Chapman is a friendly Texan who travels the city with his cameras conspicuously slung around his shoulders and neck. He studied photography at Yale and spent years, while working as a teacher, documenting the places where he taught, including regions of the American South and rural Japan. The subway project was completed alongside his day job in consultancy and, now, climate tech.
"Over time, it became clear to me that it was important to do not just streetscapes, but portraits of people," he said. "Now, it's more about the people in the community that is forged by its proximity to perhaps the most iconic transit system on planet Earth."
He has a personal anecdote for almost every station he's visited.

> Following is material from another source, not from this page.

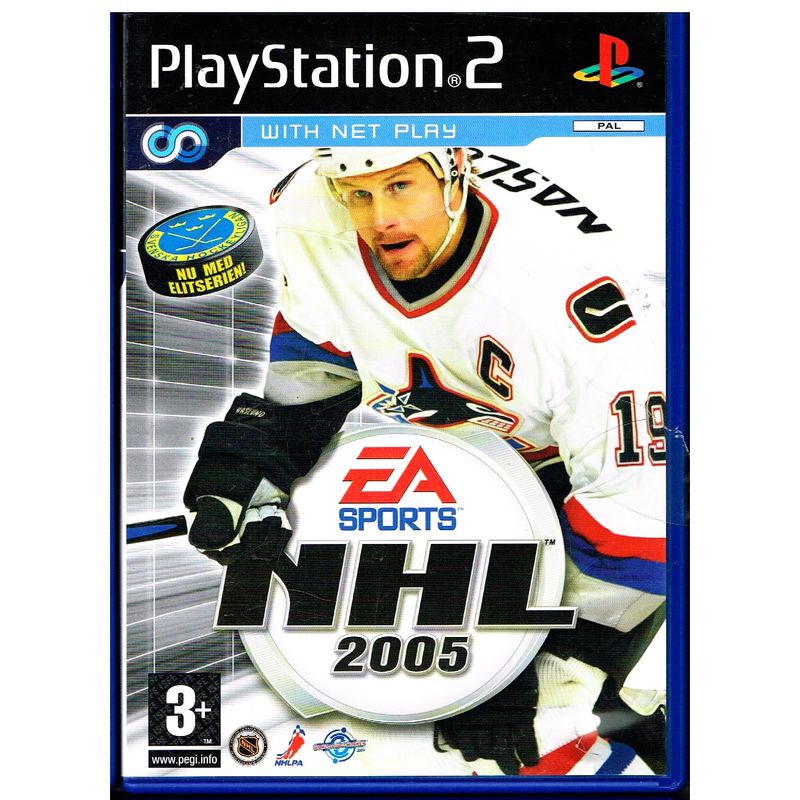 NHL 2005 PS2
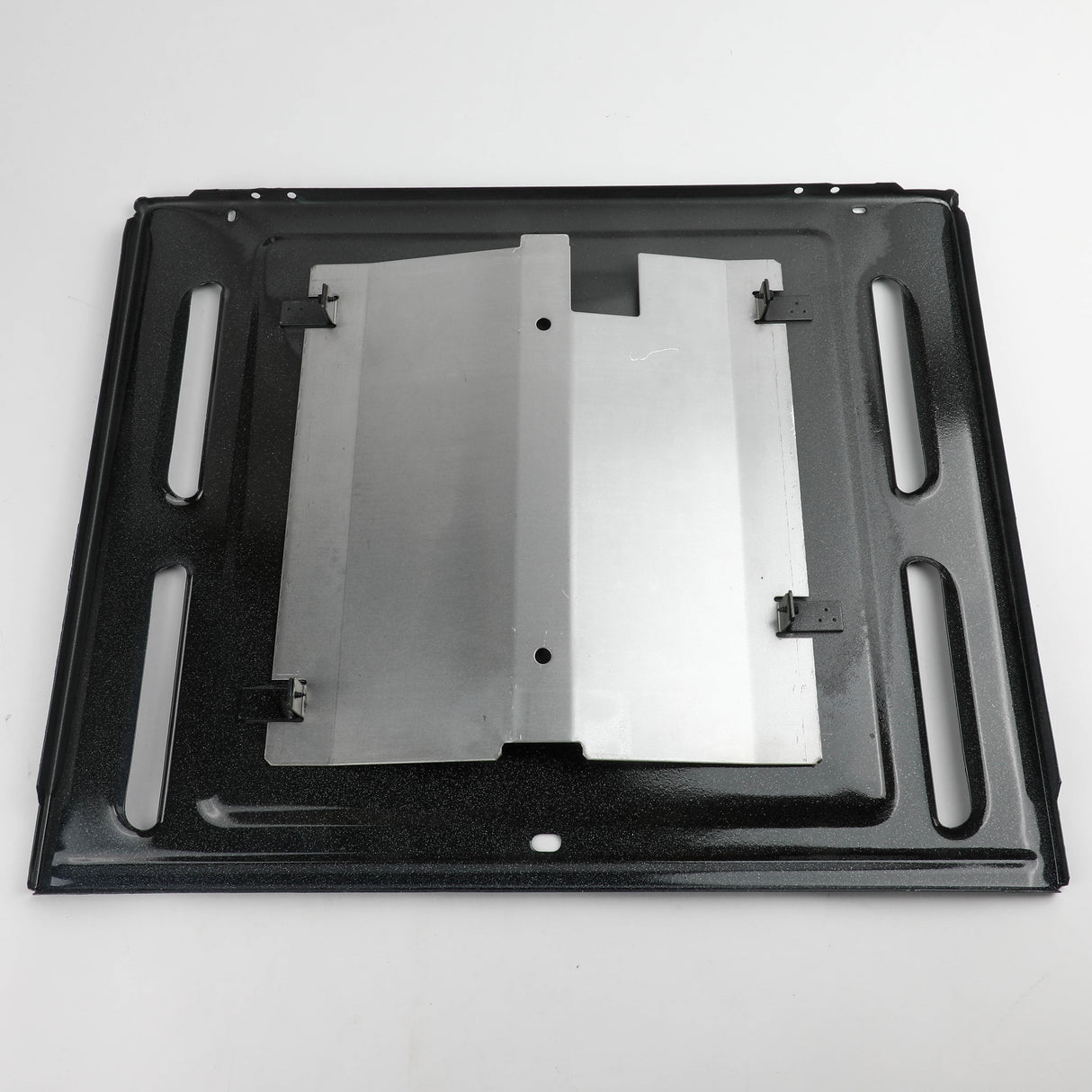 GE WB35X37970 Genuine OEM Bottom Oven  And Deflector Asm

He's met a pigeon breeder near a junkyard in Coney Island, the owner of the last Irish bar near the Bedford Park station in the Bronx and a WWII veteran at Brighton Beach who helped liberate Berlin. Once, a security guard let him up to the top of a 50-story building in Harlem to see the view, and another time he hung out with a group playing dice by the Prospect Park station.
"One thing I started doing over time was googling 'dive bar' when I got off the train, and finding the oldest bar in the neighborhood where I could typically find a few old-timers who are more than happy to talk about how the neighborhood has changed," he said.
The project was inspired by Chapman's rediscovery of his own home city, Houston, Texas, after college. After returning to participate in the Teach for America program, he was placed in a Houston school that showed him a part of the city he didn't recognize.
"There were just whole worlds within the city of Houston that I had no idea existed," he said.
When he moved to New York in 2011, he was determined to have a different experience.
An avid street photographer from age 16, Chapman decided "End of the Line" would be a great way to take photos while getting to know the city.
Since then, he has taken more than 50,000 images of subway stations and the characters surrounding them. He is currently in the final editing stages of a photo collection that will appear in an exhibition and a book.
The photographer said his work enriched his experience of New York and helped him to understand the city more deeply.
"I've witnessed a lot, and I also have been welcomed and treated well by so many different communities. It's been, frankly, very encouraging. I'm ultimately an optimist, and my experiences while doing the project are borne out of that."